**Problem to solve**
Reproduce only the lines of the material below that start at the line containing "Настройка сканера отпечатков" and stop at the line containing "El izado de". Keep both end lines.
━━ Information provided
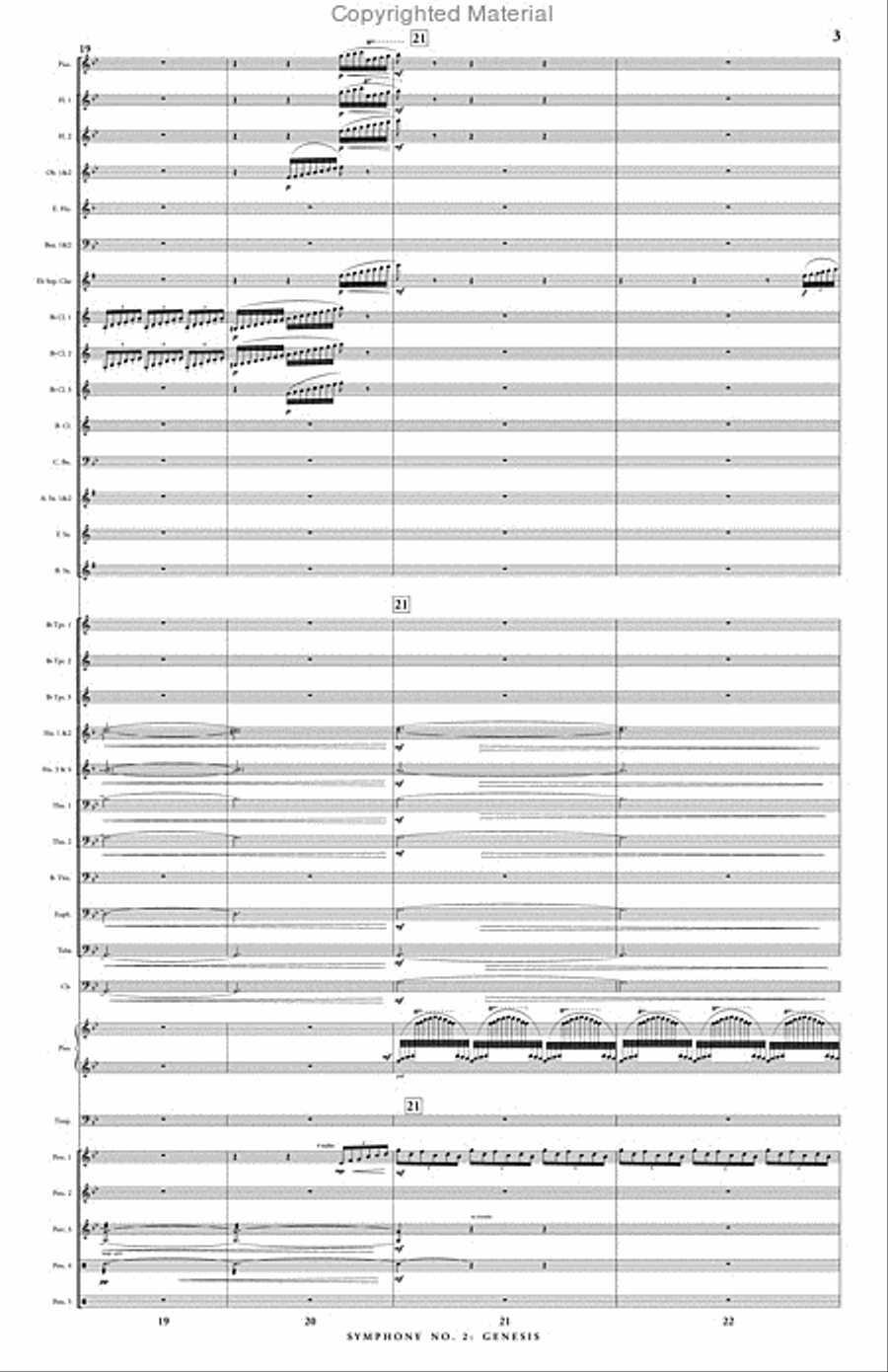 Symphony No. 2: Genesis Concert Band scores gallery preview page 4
━━━━
━━ Information provided
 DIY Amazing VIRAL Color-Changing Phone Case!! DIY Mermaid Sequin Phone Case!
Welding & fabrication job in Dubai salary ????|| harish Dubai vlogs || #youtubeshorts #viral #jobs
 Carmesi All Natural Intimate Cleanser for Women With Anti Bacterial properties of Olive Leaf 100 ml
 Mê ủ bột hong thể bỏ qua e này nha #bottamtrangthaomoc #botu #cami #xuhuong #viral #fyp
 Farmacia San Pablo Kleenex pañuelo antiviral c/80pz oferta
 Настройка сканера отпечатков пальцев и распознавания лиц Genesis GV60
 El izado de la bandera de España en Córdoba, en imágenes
━━━━
**The completed task**
 Настройка сканера отпечатков пальцев и распознавания лиц Genesis GV60
 El izado de la bandera de España en Córdoba, en imágenes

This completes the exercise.